Shadi Yaghi, MD: Incidence of Stroke in Patients With COVID-19

Video

The assistant professor and director of Clinical Vascular Neurology Research at NYU Langone gives perspective on his recent study of patients with stroke and COVID-19 and the difficulties in understanding their relationship.

“[With] most of the strokes that happened in the setting of COVID-19 infection, patients had elevated clotting factors in the blood, which heads towards [the possibility that] maybe there’s some increased clotting with COVID-19 that drives stroke.”
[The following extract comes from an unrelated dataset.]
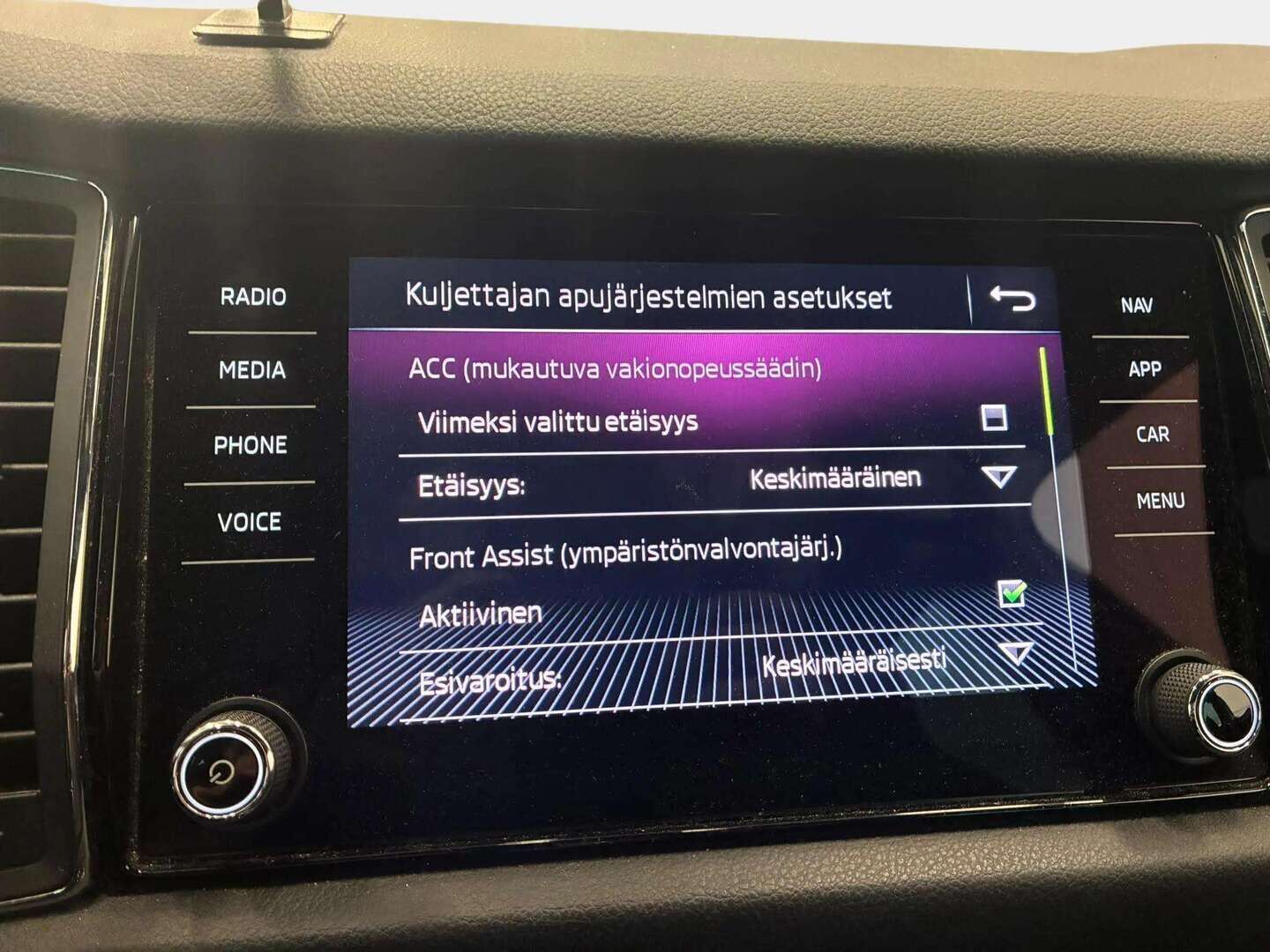 Skoda Kodiaq 2019 1,5 TSI ACT SportLine DSG Autom. -  | 7- Paikkainen | ACC | Webasto | Vetokoukku | Canton | 360 Kamera | Keyless | Sporttipenkit | Nahka/Alcantara | Ratinlämmitin | SmartLink | Muistipenkki | Suomi-auto | 2X Renkaat & Vanteet |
A recently published prospective cohort study of consecutive patients hospitalized within a major health system in New York, the epicenter of pandemic, aimed to compare the clinical characteristics of patients with stroke who also have a diagnosis of COVID-19 with those of stroke patients without COVID-19.

Among the 3556 hospitalized patients with diagnosis of COVID-19, 32 (0.9%) had imaging-proven stroke. Data showed that cryptogenic stroke was more common in patients with COVID-19 (65.6%) compared with contemporary controls (30.4%; P = .003) and historical controls (25%; P <.001).

Lead study investigator Shadi Yaghi, MD, assistant professor, director, Clinical Vascular Neurology Research, NYU Langone, discussed the results with NeurologyLive, and detailed what particularly stood out to him from the data. He also spoke to the hard realities of diagnosing stroke that is directly related to a COVID-19 diagnosis.